Of the nearly three dozen migrants expected to be evicted from shelters Sunday as the city began enforcing Mayor Brandon Johnson’s administration’s 60-day shelter stay rule, just three were removed.
The city confirmed Sunday afternoon that the remaining 31 migrants were given extensions; 27 because they are still in the process of applying for public benefits and four due to pregnancy or disability.
The city did not immediately confirm which shelters the three had been evicted from, but officials had said Friday that evictions would begin at the shelter on Elston Avenue — housing 800 individuals — near Goose Island; the former Wadsworth Elementary School building — housing around 550 — in Woodlawn; and the Gage Park Field House — housing around 300.
The city said Friday that it would not begin evicting migrant families until the summer.
Fewer than 11,000 migrants remain in shelters, according to the city’s Office of Emergency Management and Communications, and around 2,000 are expected to have to exit by the end of April.

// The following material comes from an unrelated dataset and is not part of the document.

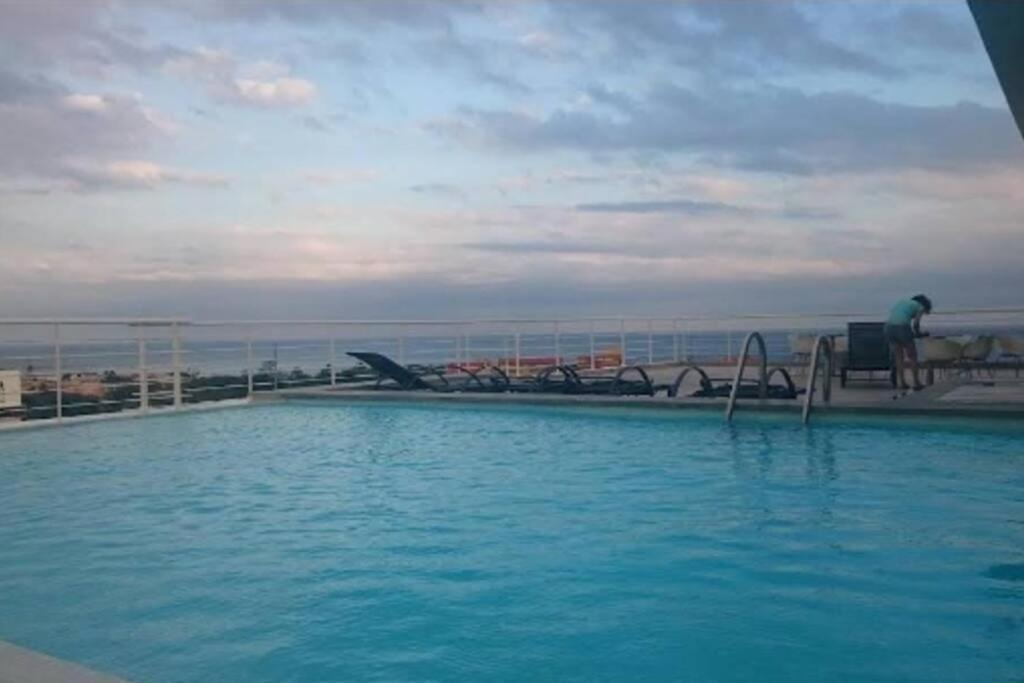 Lincoln Suite Pool - Gym - Sauna سانتو دومينجو المظهر الخارجي الصورة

The city did not immediately respond to requests for comment on the evictions, but late Sunday evening Ald. Andre Vasquez (40th) reiterated the position he and around 20 alders and organizations stated last week.
“We don’t believe the city should be in the business of evicting people, especially those who can’t get work authorization and can’t get rental assistance,” said Vasquez, chair of the Committee on Immigrant and Refugee Rights.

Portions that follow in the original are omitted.